When Monty is mistaken for a burglar, Grayce decides to lodge the pearls at a local bank for safekeeping. To avoid the necklace being exposed as a fake, Llewellyn asks Monty to drive it to the bank, and to pretend that it had been stolen on the way by an unknown robber. Monty agrees to the deception. As Monty is leaving, Dolly asks him for a lift into town and as they near their destination she takes him by surprise, pulling a gun and demanding the necklace. Both are then surprised by Chimp, who has been hiding in the back seat of the car, and who also has a gun. Chimp takes the necklace and drives off, leaving Monty and Dolly to walk back to the Hall. Monty tells Dolly that the necklace is fake, a fact which Chimp will soon discover.

Butterwick is still trying to prevent Monty marrying his daughter. Learning that Grayce had hired Monty only because of his supposed aristocratic connections, he sets her straight, hoping that she will sack Monty. Meanwhile, Chisholm tells Gertrude of Monty's nightclub escapade, and that he had been visiting the club in the company of a girl.

Monty receives a telegram from Gertrude to announce that she is breaking off the engagement. This allows Monty to become engaged to Sally, and Gertrude to become engaged to Chisholm. Grayce announces her intention to get a divorce, an event which Llewellyn – who has already been divorced four times – regards as purely routine.

==Characters==
- Montrose "Monty" Bodkin – Amiable and rich Drone engaged to Gertrude, employed as a production advisor and then secretary to Ivor Llewellyn
- Alexandra "Sally" Miller – Secretary to Monty in Hollywood and later to Grayce Llewellyn in Sussex; in love with Monty
- Gertrude Butterwick – Monty's fiancée
- J. B. Butterwick – Gertrude's father; an import and export merchant
- Ivor Llewellyn – President of the Superba-Llewellyn Motion Picture Corporation, married to Grayce
- Grayce Llewellyn – Formidable fifth wife of Ivor Llewellyn
- Mavis Mulligan – Daughter of Grayce and step-daughter of Ivor Llewellyn; engaged to Jimmy Ponder
- James "Jimmy" Ponder – Partner in a jewellery firm; engaged to Mavis
- Alexander "Chimp" Twist — Crook operating as a private investigator under the alias J. Sheringham Adair
- Dora "Dolly" Molloy — Skilled thief, married to Soapy
- Thomas "Soapy" Molloy — Crook who sells worthless oil stock
- Wilfred "Cheeser" Chisholm – Plainclothes policeman; loves Gertrude

==Publication history==

A working title for the book was "The Honor of the Bodkins".

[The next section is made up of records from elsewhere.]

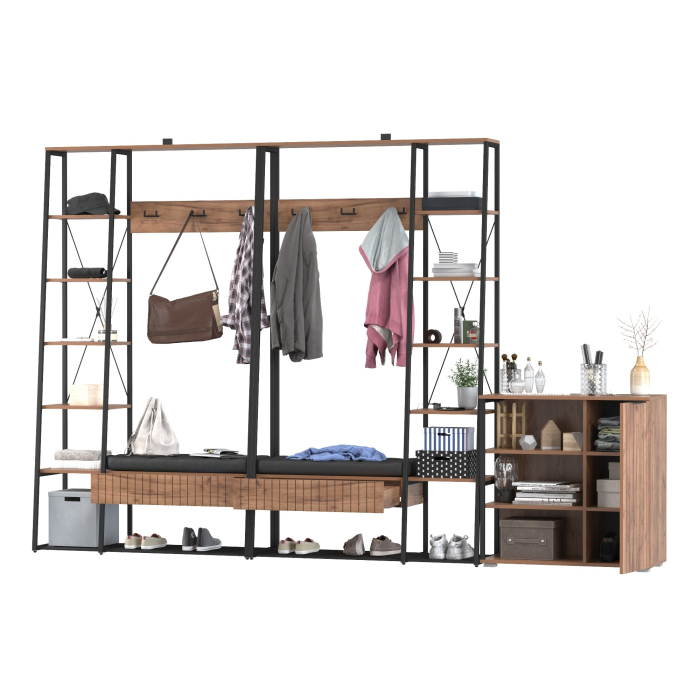 Прихожие, Мебель для прихожей Гранд 2х15.124N+16.222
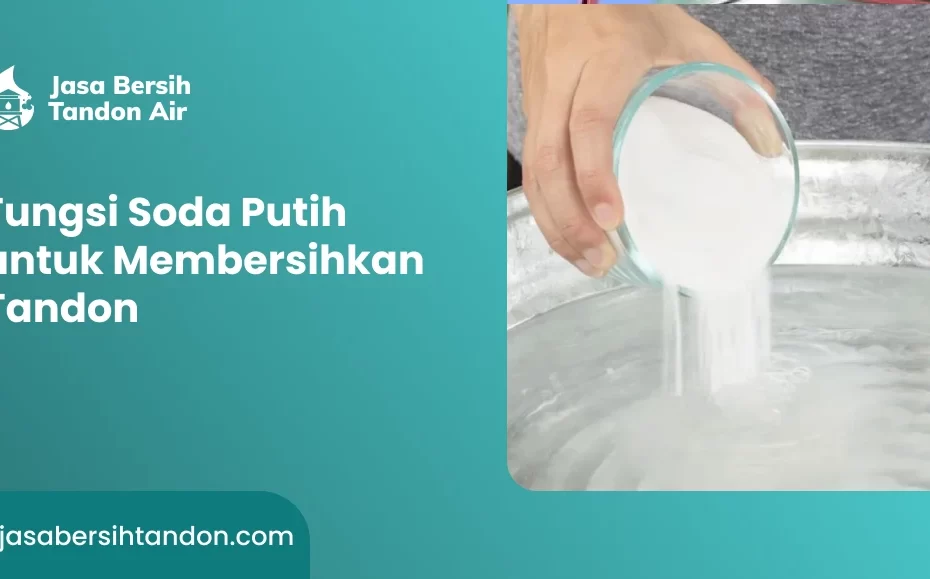 Fungsi Soda Putih untuk Membersihkan Tandon
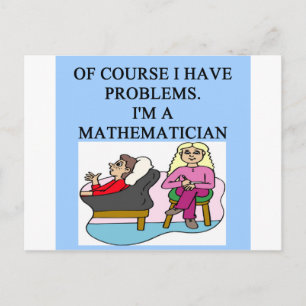 MATH-Psychologie-Witz Postkarte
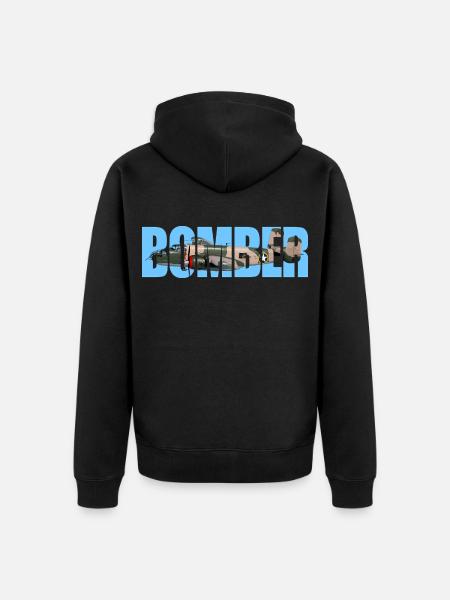 Bomber B-25 Mitchell - Unisex Premium Organic Zip Hoodie - black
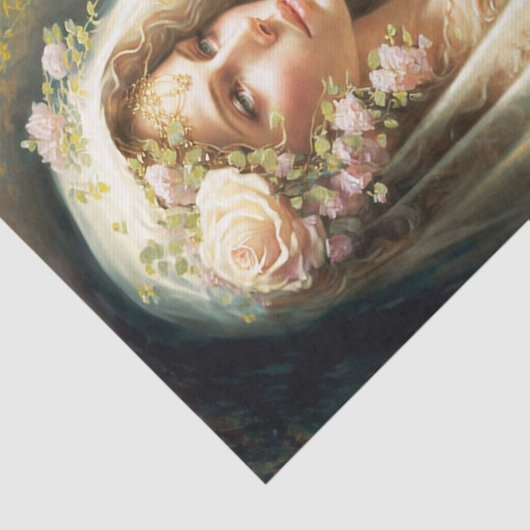 Hier kommt die Braut Seidenpapier (Ausschnitt)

Wodehouse dedicated the UK edition of the novel to his granddaughter Sheran Cazalet: "To Sheran with love". The front panel of the first UK edition dust jacket was illustrated by Osbert Lancaster. The front panel illustration of the first US edition dust jacket was drawn by Paul Bacon, and there is a black and white photograph of Wodehouse by Jill Krementz on the back panel.

A shortened version of the novel was published in the Star Weekly (Toronto, Canada) on 28 April 1973, with illustrations by Doug Fenton.